The best cooling techniques for electronic devices must take advantage of every cubic millimetre of space available. Heat pipes – which have evolved since the late 1990s from specialised industrial heat transfer components to an indispensable consumer commodity in the design of high heat flux microcomputers – offer a convenient route to maximise cooling in a restricted space. They are in fact one of the most promising heat transfer devices for miniaturised electronic equipment.
A heat pipe acts as a heat transfer device, which effectively drives heat between a hot and a cold solid interface. It exploits the principles of thermal conductivity and phase transition in a cooling medium. At the hot end of a heat pipe, a cooling liquid enters into contact with a thermally conductive solid material and is converted into a vapour. The vapour migrates inside the heat pipe to reach the cold interface, where it condenses back to its liquid state. Under the effect of gravity, a centrifugal force or capillary action, the liquid returns to the hot end, where it is again converted into a vapour and restarts the cooling cycle. Heat pipes act as extremely effective thermal conductors. Depending on their length, they can achieve a thermal conductivity approaching 250 times the value for pure copper. Unfortunately, the performance of heat pipes decreases as their diameter is reduced, or when they are flattened, which makes it difficult to use them efficiently in microelectronic devices.

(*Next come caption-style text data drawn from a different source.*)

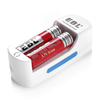 Non-IS Removable 18650 Lithium-ion Rechargeable Battery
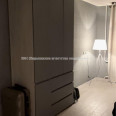 Продам квартиру, Кольцевой проезд , 3  ком., 63.10 м², советский ремонт 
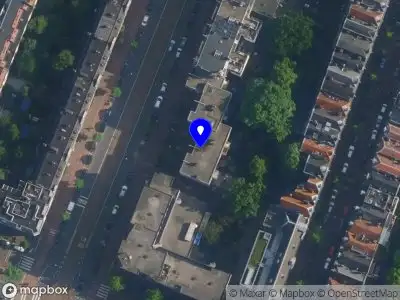 Nieuw bedrijf silvia donzella shiatsu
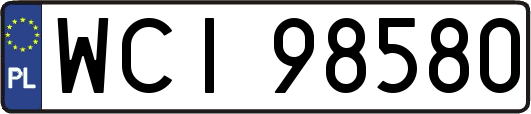 WCI98580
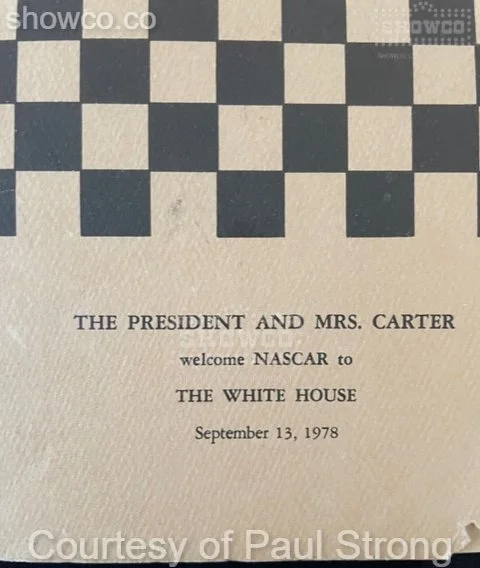 78 whitehouse.jpeg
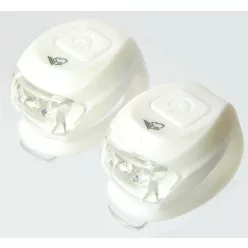 villogo-kerekparra-2led-feher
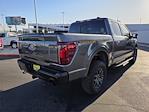 New 2025 Ford F-150 Tremor SuperCrew Cab for sale #25T4509 - photo 4
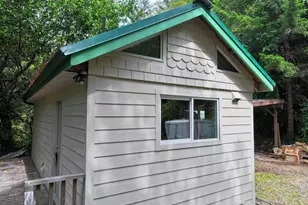 98179 Tuttle Ln, Brookings, OR 97415 - Photo 5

Miniaturised heat transfer: nanoparticles
The work of Professor Okawa, in collaboration with Ms Menglei Wang, has been focusing on heat pipes that use capillary action to drive the diffusion of a cooling liquid, like water, from the cold to the hot end of the pipe after condensation. Capillarity is controlled by the presence of a wick within the pipe, and the heat transfer performance is largely determined by the structure and properties of the wick.
Extensive experimental work has been devoted, in particular, to heat pipes using water-based alumina (Al2O3) or copper nanofluids as cooling liquids. Nanofluids are colloidal suspensions of nanometre-sized particles, or nanoparticles, and they exhibit peculiar properties that make them useful in heat transfer applications, particularly in microelectronics. The use of nanofluid coolants has been shown to bring about an enhancement in the heat transfer performance of a heat pipe. This has been attributed to the deposition of nanoparticle layers at the evaporation section.

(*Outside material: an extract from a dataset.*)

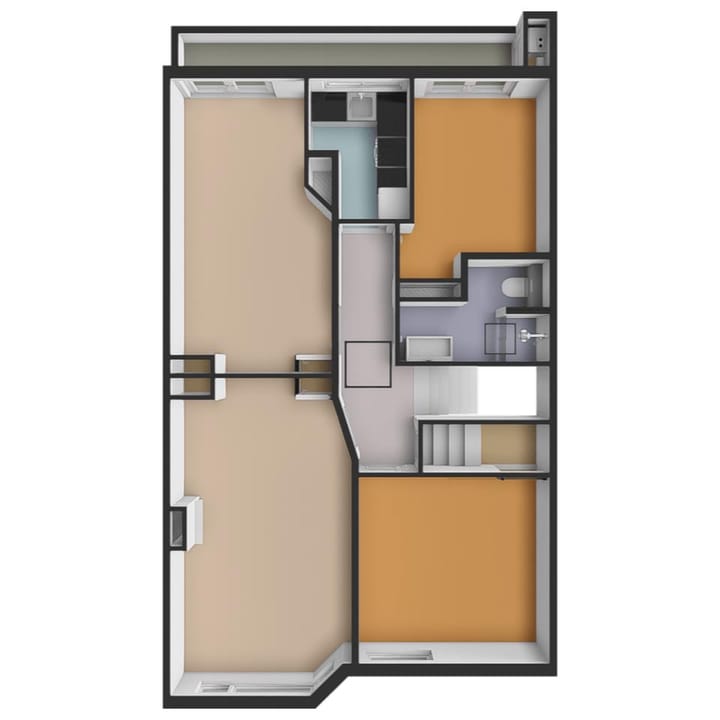 Photo 45 of van Halewijnlaan 340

Nanoparticle layer coating
Nanoparticle layers are thin, and therefore potentially ideal for miniaturised applications, and they exhibit strong capillarity. In addition, they are composed of easily obtainable, cheap and clean materials, which make them suitable for mass-produced products. Based on the results of previous work on nanoparticle deposition in heat pipes, Prof Okawa has put forward innovative ideas on how to engineer nanoparticle-based heat pipes for maximising their heat transfer capabilities.

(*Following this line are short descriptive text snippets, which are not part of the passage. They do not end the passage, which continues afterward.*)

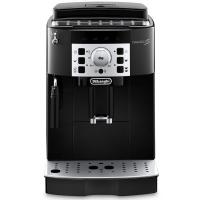 Кофеварка DeLonghi ECAM 22.110 B (ECAM22.110.B) Diawest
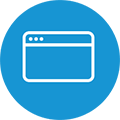 cita online via web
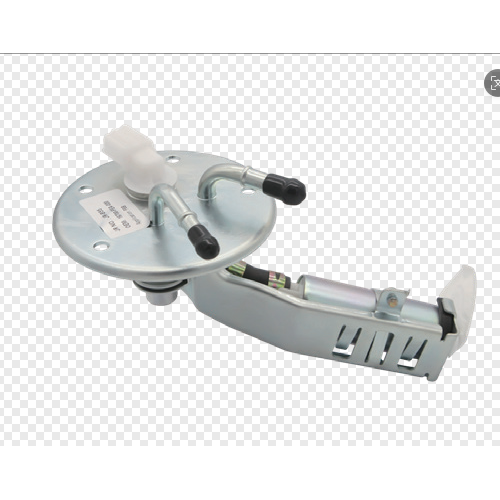 Oil Pump  JR-B55   16700-FEA-020    For   GT 125/150 EFI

He has proposed that the deposition of a nanoparticle layer in the condensation section and in the so-called ‘adiabatic’ section of the pipe, in which the condensed liquid travels back to the hot end of the pipe, in addition to the evaporation section, can be used to guarantee an even more efficient heat transfer within the pipe, without compromising the heat pipe structure or increasing its diameter. Furthermore, he has devised an efficient procedure to pre-coat all sections of the heat pipe, which is then filled, in operating conditions, with a suitable nanofluid.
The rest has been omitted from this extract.